══ WORKING DATA ══

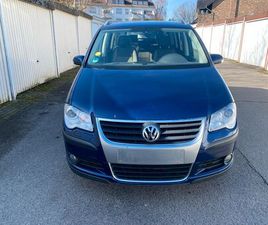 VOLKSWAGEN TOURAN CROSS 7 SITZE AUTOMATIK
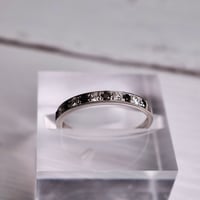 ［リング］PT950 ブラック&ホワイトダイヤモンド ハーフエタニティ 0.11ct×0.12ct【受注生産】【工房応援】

═══
══ WORKING DATA ══

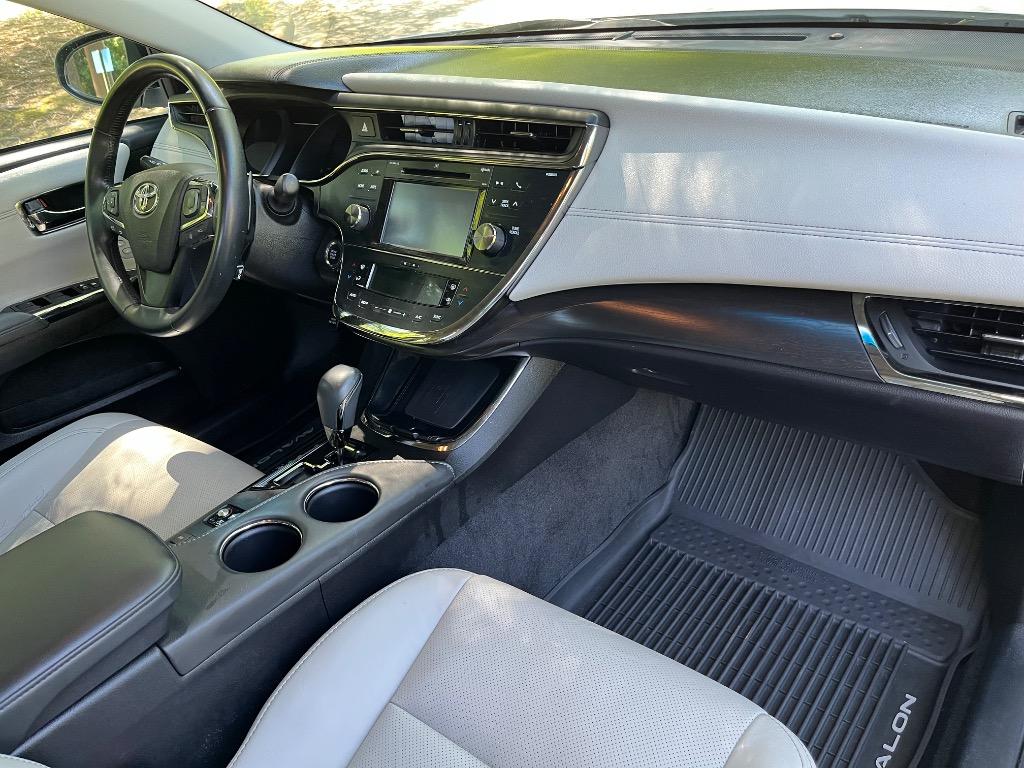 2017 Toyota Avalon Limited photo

═══
══ WORKING DATA ══

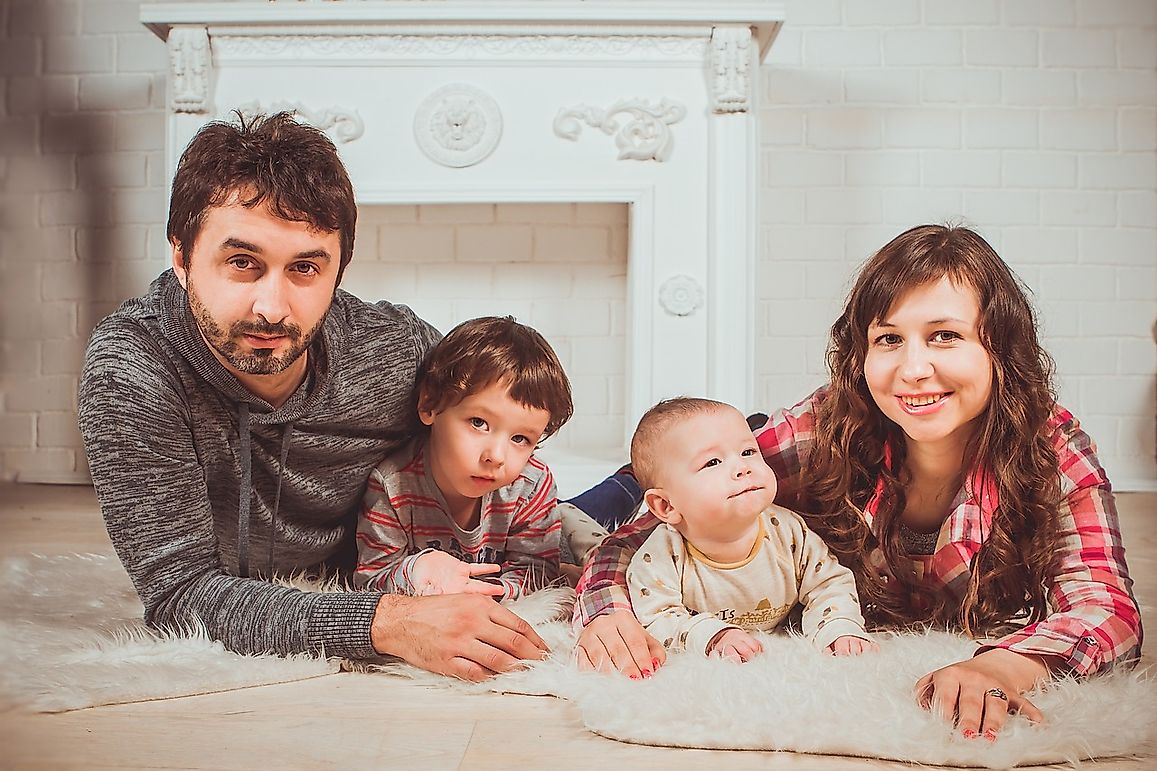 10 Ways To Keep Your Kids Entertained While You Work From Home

═══

WHAT THIS TASK INVOLVES — In the material above, one part opens with the line containing "VOLKSWAGEN TOURAN CROSS 7 SITZE AUTOMATIK" and closes with the line containing "ブラック&ホワイトダイヤモンド ハーフエタニティ 0.11ct×0.12ct【受注生産】【工房応援】". Write out that part exactly and skip its pictures.

REPLY TO THE TASK —
 VOLKSWAGEN TOURAN CROSS 7 SITZE AUTOMATIK
 ［リング］PT950 ブラック&ホワイトダイヤモンド ハーフエタニティ 0.11ct×0.12ct【受注生産】【工房応援】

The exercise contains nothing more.